Training: 8–9 November 2016
Tutorials & Conference: 9–11 November 2016
Amsterdam, NL

Speak security and enter: Making security make sense for nontechnical users

Jessy Irwin (Jessysaurusrex)
16:45–17:25 Thursday, 10 November, 2016
Bridging business and security
Location: G106/107 Level: Non-technical
Average rating: ****.
(4.33, 3 ratings)

Prerequisite knowledge

  • A basic understanding of security principles as well as the need for security practitioners to build bridges within their respective organizations

What you'll learn

  • Learn real-world, actionable strategies for positive, proactive security education that will help build bridges with nontechnical colleagues and stakeholders


As an industry, no matter how many defensive tools and tactics we use, attackers can still pwn our networks and organizations by tricking nontechnical people into committing simple security errors. To truly turn people into another line of defense, we need to adopt another mindset and a new set of tactics to help us all bring more people onto Team Security. The best security education entertains and approaches people on their own ground and doesn’t feel like work or a struggle with a completely foreign language.

More often than not, security practitioners tend to speak in highly specialized technical terms, which puts users at a complete and utter disadvantage. Part of working toward better security outcomes with a nontechnical crowd requires shunning industry jargon and metaphors (military terms, locks, safes, etc.) for more universal, approachable examples that don’t have an element of fear or threats behind them. It’s much simpler to convey the planning, forethought, and the proactive mindset required for security through nonthreatening, approachable metaphors than one might think, and this approach is more effective when building positive and empowering elements in education rather than focusing on problems, failure, and holes. Too much security advice out there is contradictory, and too many practitioners are quick to dismiss the few tools that end users can adopt to improve their security. This is particularly disempowering for nontechnical audiences because without the skills or knowledge to evaluate the information in front of them, they have no way to figure out what to trust or what advice to follow.
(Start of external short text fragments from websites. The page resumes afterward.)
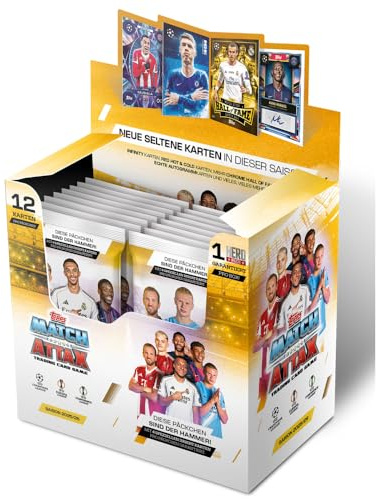 Bundle mit Topps Match Attax Champions League 2025/26 Trading Cards + Exklusive Collect-it Hüllen (1 Display)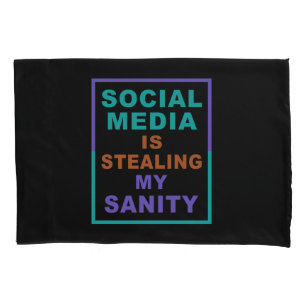 Funny “Social Media” pillow cases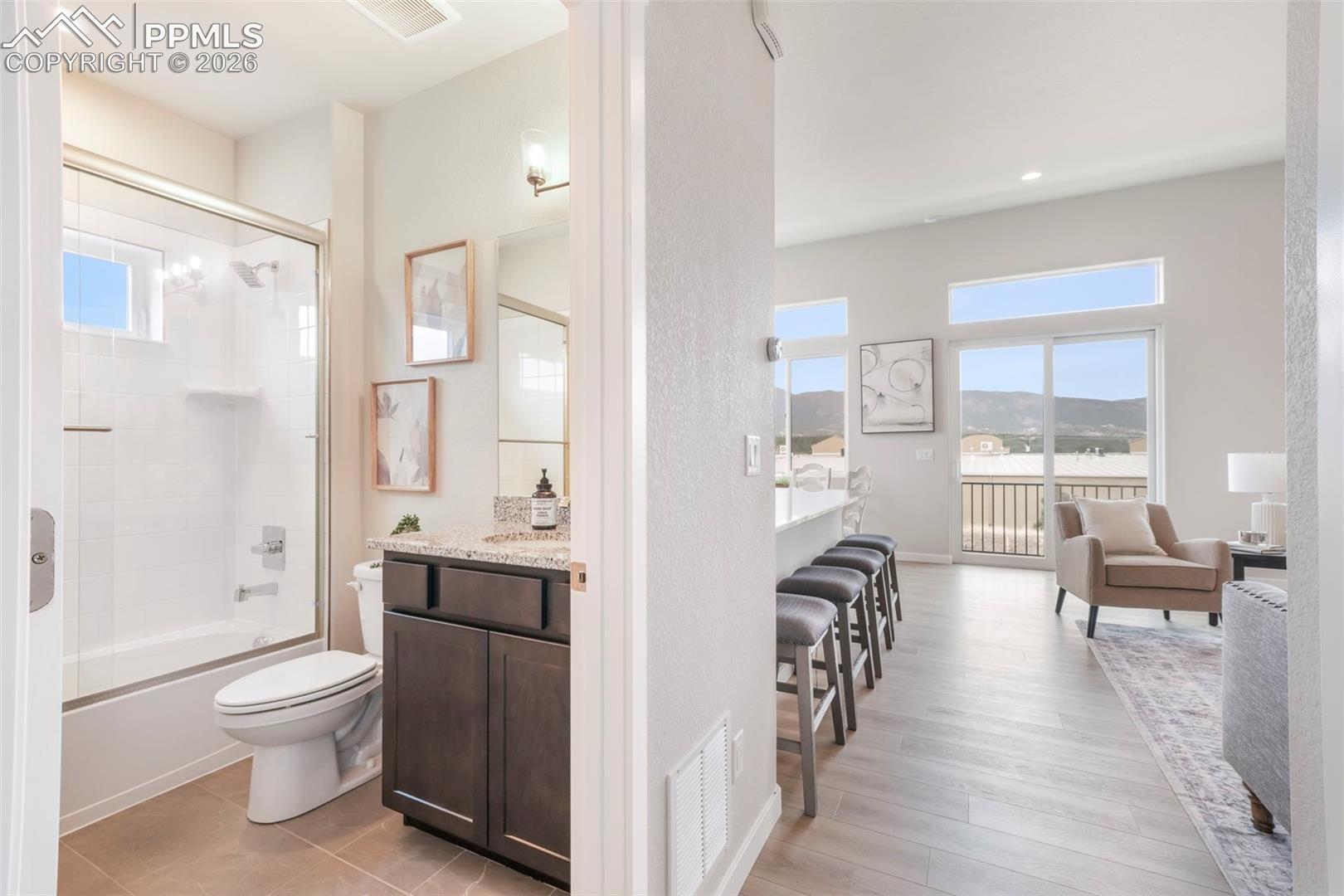 This photo is from the same floor plan next door.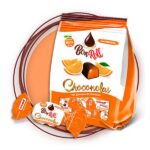 CHOCONOLAS BON ROLL LARANJ.80G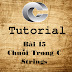 C Tutorial Part 15 - Chuỗi Trong C ( Strings )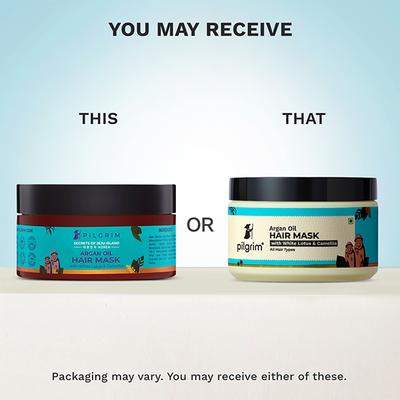 Pilgrim Argan Oil Hair Mask 200ml - Hair Masks & Packs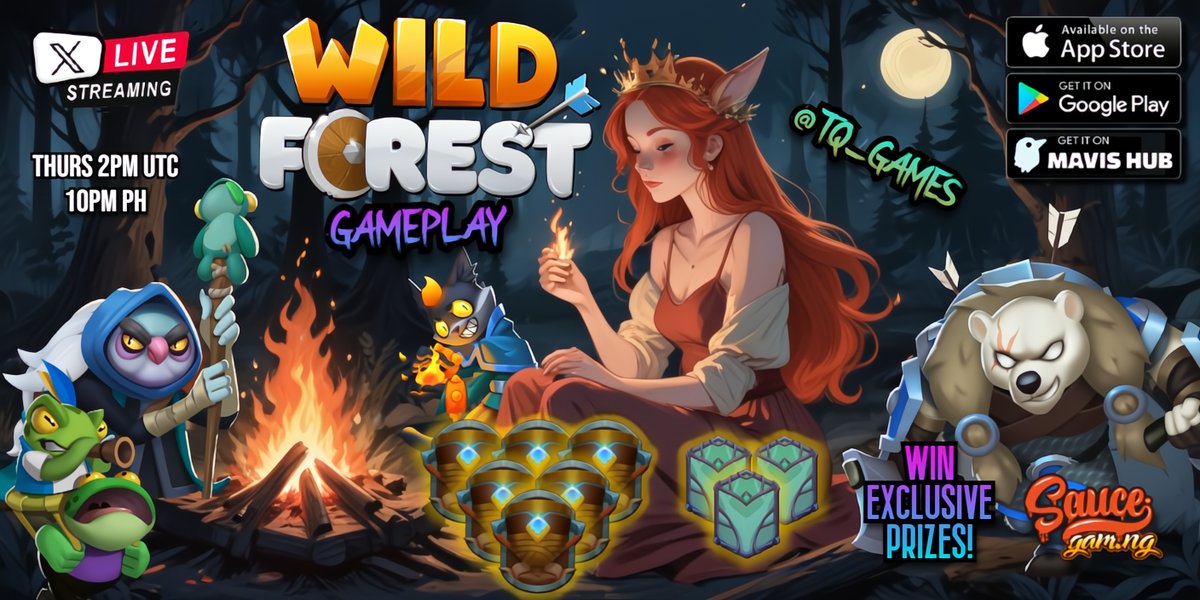 TQ_Games's tweet photo. do you feel that breeze?🌕
time to light the signal fire warrior🔥
something wild is coming...🌲🌲

📅 Thurs 2pm UTC / 10pm PH
📍X Live stream🎥

@playwildforest is FREE to play on MOBILE & PC!📱💻
Been playing but want to win & level up your units?

🎁Like, RP & Tag a gamer (more tags, more chances)
🔔 Bell up on @TQ_Games for the stream later!

Draw in 24 hrs, 3 names drawn live later, 6 surprise gifts for the supporters, with 9 pack winners total!🔥

See you on #TQsauce stream sweaty!
Power to the Gamers!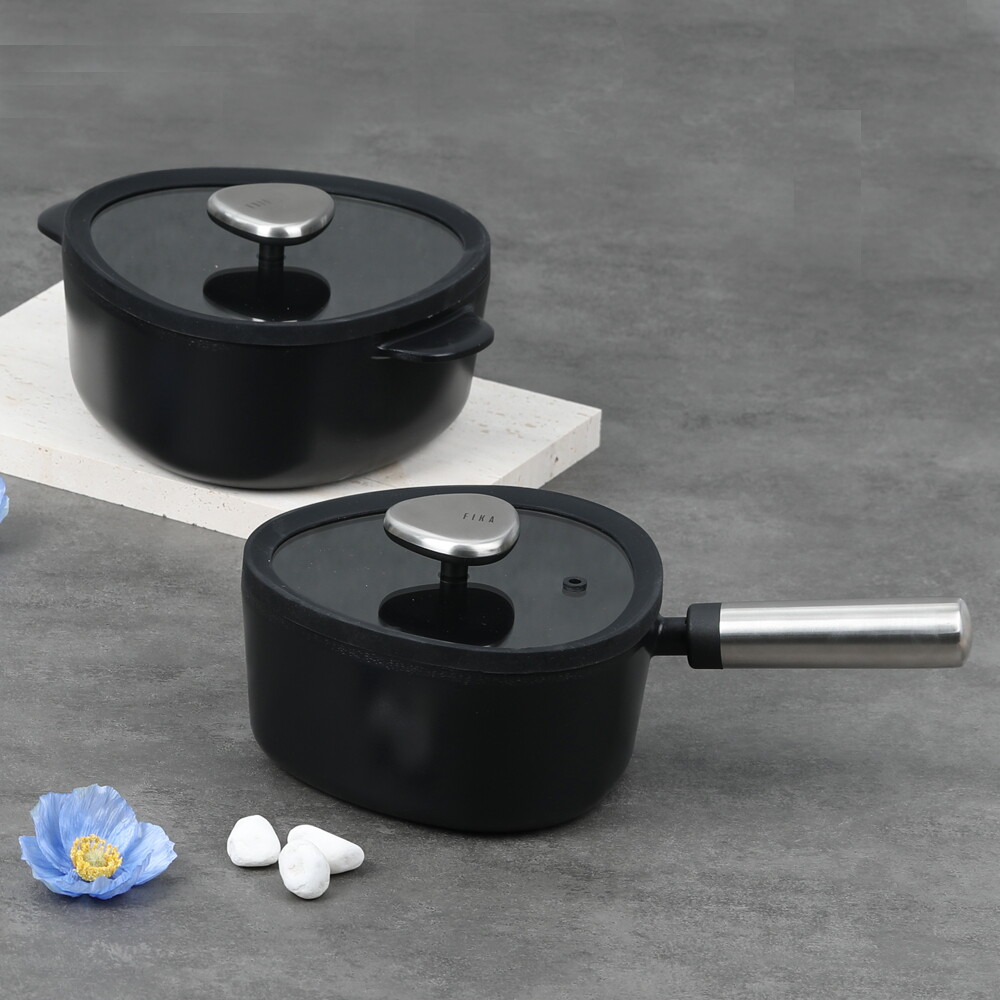 네오플램 피카 아펙스 블랙 IH 인덕션 냄비2종(18편수+20양수)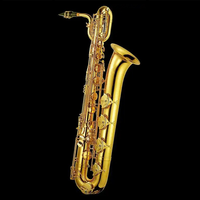 Wholesale OEM Factory Price High Grade Professional Gold Lacquer Brass Eb Baritone Saxophone Wind Instrument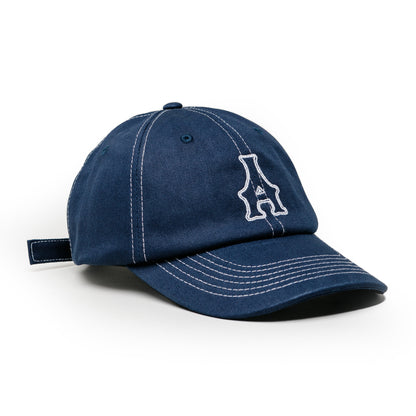 A Hat - Navy/White Contrast Stitch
Fixing our education and awareness issues requires a diverse set of tactics. There’s no technological tool that can fix this problem: changing behavior requires investments in security education and a mindset focused on going beyond trying to use technology to solve our “security problem.” Jessy Irwin offers a crash-course in people, communication, and security education for anyone and everyone who wants to protect and convert nontechnical users into a helpful, engaged line of defense. If we tweak our attitudes, approaches, and terminology to be more people-centric, we can change the way we talk about security all together, leading to improvements in the big picture.

Photo of Jessy Irwin

Jessy Irwin


Jessy Irwin is a security expert who excels in translating complex cybersecurity issues into simple, relatable terms for nontechnical audiences. Her current areas of interest include making security more accessible for the average person, advocating for strong privacy protections in education for students, building better models for digital security training, and building proactive security communications strategies for consumers, policymakers, small businesses, and Fortune500 companies. In her work as an consultant, security executive, and former security empress at 1Password, she has taught consumers how to better protect themselves, their data, and their identities online. Jessy regularly writes and presents internationally on human-centric security, student privacy, and security communication at events including O’Reilly Security, RSA Conference, TechSummit Amsterdam, Infosec Southwest, and ShmooCon. Her work has appeared in CSO Online, VICE Broadly, Mashable, BuzzFeed, TechCrunch, and CNN.